#### WORK ITEM
Up through the line that contains "Fishers house for", retype the entries exactly, beginning at the very first line.
((
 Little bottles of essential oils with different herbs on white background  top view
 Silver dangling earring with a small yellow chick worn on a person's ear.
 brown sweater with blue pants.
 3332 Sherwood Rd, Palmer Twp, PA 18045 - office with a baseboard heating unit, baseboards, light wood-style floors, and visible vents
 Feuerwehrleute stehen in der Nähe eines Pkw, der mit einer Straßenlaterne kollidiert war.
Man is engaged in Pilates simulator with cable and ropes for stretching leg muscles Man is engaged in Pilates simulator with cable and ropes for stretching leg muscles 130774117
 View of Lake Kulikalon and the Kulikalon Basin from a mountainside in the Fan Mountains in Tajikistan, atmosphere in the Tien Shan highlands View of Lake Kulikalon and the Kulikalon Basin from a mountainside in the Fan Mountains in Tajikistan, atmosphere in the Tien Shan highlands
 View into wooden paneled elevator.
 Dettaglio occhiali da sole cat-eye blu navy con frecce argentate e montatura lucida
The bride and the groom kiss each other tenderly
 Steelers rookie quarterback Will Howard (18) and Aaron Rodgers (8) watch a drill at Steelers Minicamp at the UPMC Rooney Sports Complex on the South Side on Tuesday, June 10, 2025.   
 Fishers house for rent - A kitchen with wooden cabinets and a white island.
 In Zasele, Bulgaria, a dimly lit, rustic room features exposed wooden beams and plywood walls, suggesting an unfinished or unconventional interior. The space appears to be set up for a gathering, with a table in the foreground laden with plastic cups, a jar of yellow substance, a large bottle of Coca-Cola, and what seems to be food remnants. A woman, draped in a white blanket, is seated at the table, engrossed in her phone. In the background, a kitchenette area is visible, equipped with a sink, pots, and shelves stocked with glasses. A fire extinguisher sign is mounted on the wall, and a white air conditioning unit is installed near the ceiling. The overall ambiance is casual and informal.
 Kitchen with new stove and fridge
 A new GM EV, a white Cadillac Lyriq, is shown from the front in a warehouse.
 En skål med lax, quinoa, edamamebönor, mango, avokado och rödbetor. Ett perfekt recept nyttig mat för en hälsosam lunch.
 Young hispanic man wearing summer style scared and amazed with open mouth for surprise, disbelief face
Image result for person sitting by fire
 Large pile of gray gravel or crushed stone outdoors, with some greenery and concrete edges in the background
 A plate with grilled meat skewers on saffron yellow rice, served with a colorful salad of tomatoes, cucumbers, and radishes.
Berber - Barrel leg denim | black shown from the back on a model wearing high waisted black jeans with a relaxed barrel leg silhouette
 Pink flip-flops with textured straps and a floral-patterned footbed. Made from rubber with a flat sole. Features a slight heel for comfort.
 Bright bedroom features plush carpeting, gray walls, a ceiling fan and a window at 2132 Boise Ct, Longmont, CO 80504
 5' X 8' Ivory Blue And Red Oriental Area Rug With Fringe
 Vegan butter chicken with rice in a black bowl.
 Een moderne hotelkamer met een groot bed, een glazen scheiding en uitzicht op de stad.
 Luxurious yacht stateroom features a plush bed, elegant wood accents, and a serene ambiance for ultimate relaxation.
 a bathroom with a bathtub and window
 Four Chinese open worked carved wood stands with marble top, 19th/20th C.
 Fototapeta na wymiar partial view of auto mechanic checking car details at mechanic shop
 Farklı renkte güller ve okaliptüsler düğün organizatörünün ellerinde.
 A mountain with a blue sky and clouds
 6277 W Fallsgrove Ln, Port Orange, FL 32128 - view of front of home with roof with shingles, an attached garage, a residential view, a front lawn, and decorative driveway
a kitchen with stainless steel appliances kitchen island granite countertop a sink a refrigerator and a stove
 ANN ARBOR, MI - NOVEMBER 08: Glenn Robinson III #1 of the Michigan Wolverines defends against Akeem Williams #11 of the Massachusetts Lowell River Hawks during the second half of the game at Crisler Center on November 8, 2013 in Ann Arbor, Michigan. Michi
))
#### YOUR RESPONSE
 Little bottles of essential oils with different herbs on white background  top view
 Silver dangling earring with a small yellow chick worn on a person's ear.
 brown sweater with blue pants.
 3332 Sherwood Rd, Palmer Twp, PA 18045 - office with a baseboard heating unit, baseboards, light wood-style floors, and visible vents
 Feuerwehrleute stehen in der Nähe eines Pkw, der mit einer Straßenlaterne kollidiert war.
Man is engaged in Pilates simulator with cable and ropes for stretching leg muscles Man is engaged in Pilates simulator with cable and ropes for stretching leg muscles 130774117
 View of Lake Kulikalon and the Kulikalon Basin from a mountainside in the Fan Mountains in Tajikistan, atmosphere in the Tien Shan highlands View of Lake Kulikalon and the Kulikalon Basin from a mountainside in the Fan Mountains in Tajikistan, atmosphere in the Tien Shan highlands
 View into wooden paneled elevator.
 Dettaglio occhiali da sole cat-eye blu navy con frecce argentate e montatura lucida
The bride and the groom kiss each other tenderly
 Steelers rookie quarterback Will Howard (18) and Aaron Rodgers (8) watch a drill at Steelers Minicamp at the UPMC Rooney Sports Complex on the South Side on Tuesday, June 10, 2025.   
 Fishers house for rent - A kitchen with wooden cabinets and a white island.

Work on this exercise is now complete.